• _Work required_
From the line containing "Bild av Veronese" to the line containing "Pull droit col" in the records below, set down every line exactly as it stands, both ends included, and skip the pictures.

• _Data records_
>>>>
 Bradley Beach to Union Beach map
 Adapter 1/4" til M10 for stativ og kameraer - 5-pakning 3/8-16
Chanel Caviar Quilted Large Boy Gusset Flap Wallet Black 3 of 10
<<<<
>>>>
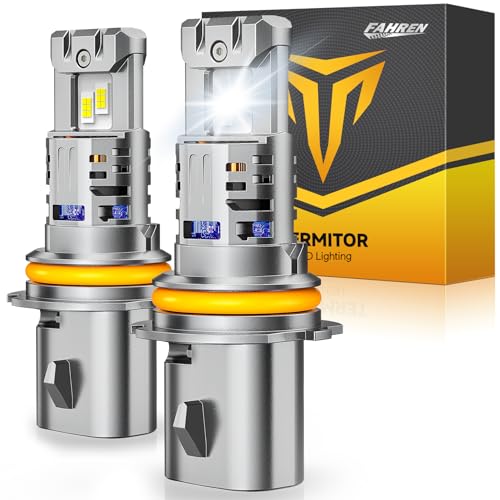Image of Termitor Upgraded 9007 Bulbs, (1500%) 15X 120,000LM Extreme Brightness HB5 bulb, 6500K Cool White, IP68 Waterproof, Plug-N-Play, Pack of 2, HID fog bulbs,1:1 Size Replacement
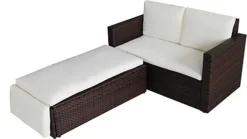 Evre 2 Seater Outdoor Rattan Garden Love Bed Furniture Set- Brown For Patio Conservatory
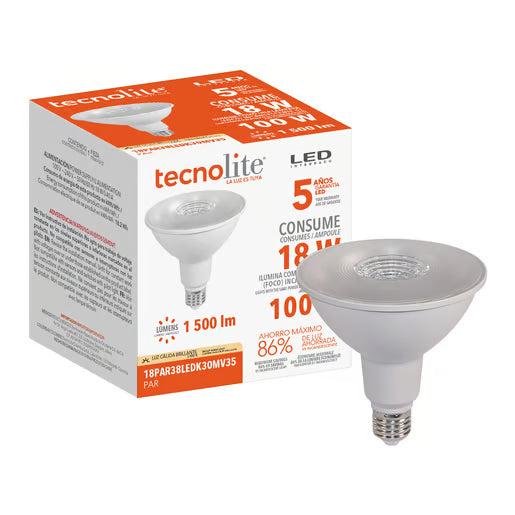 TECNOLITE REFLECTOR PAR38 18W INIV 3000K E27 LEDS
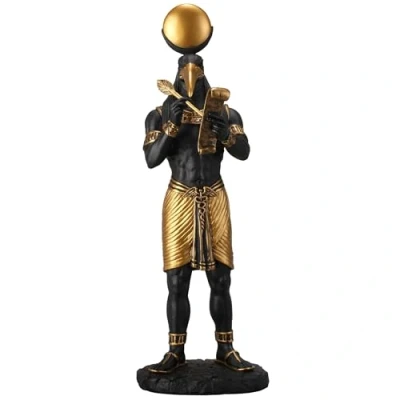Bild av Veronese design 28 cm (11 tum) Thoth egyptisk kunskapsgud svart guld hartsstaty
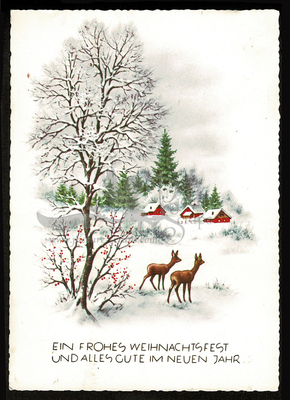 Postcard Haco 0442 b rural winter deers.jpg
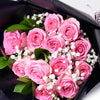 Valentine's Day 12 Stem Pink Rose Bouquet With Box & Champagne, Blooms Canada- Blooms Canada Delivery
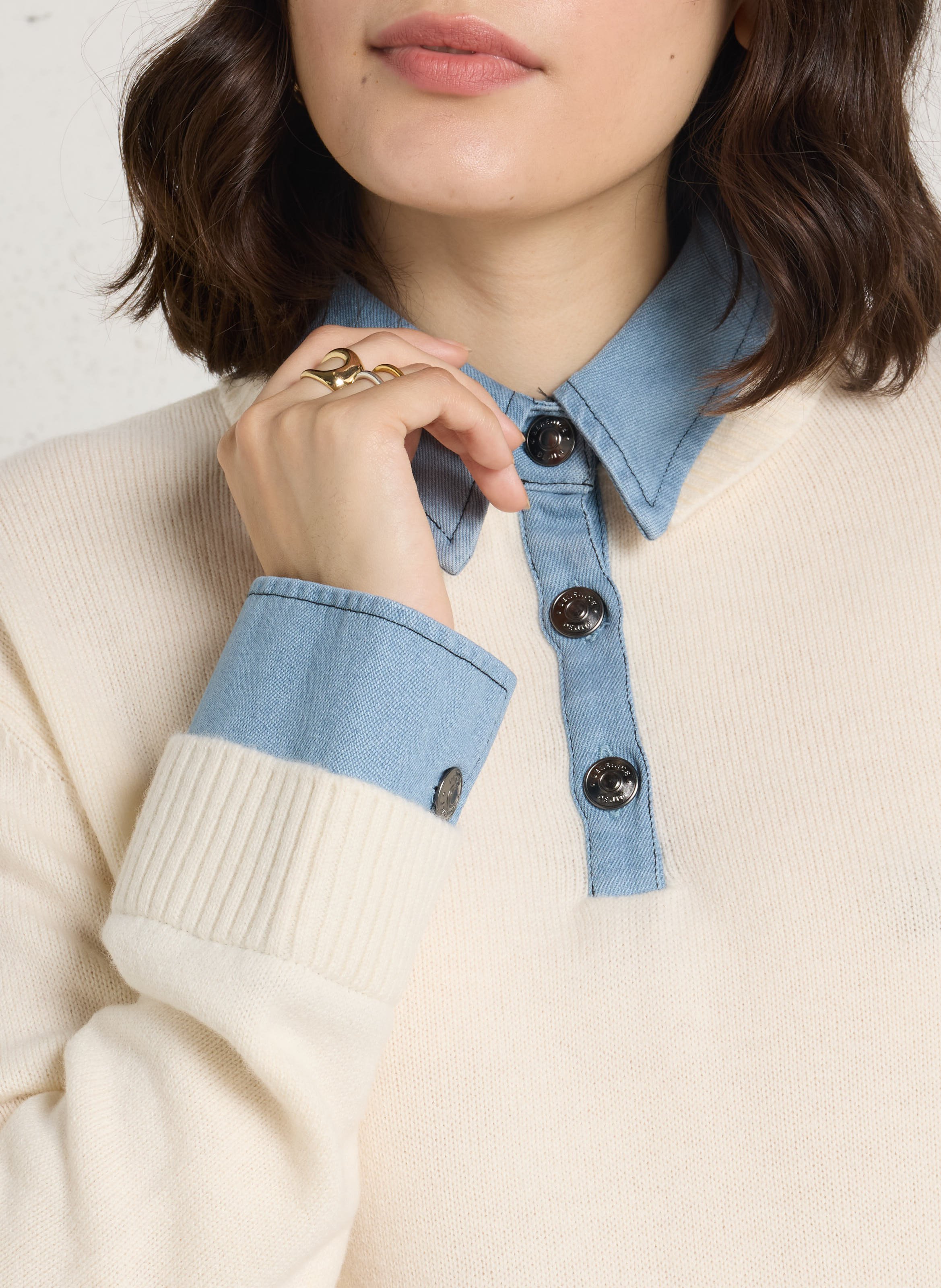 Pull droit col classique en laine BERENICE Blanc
<<<<
>>>>
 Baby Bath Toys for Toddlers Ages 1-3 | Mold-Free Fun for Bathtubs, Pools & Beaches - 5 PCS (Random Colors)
<<<<
• _Written reply_
Bild av Veronese design 28 cm (11 tum) Thoth egyptisk kunskapsgud svart guld hartsstaty
 Postcard Haco 0442 b rural winter deers.jpg
 Valentine's Day 12 Stem Pink Rose Bouquet With Box & Champagne, Blooms Canada- Blooms Canada Delivery
 Pull droit col classique en laine BERENICE Blanc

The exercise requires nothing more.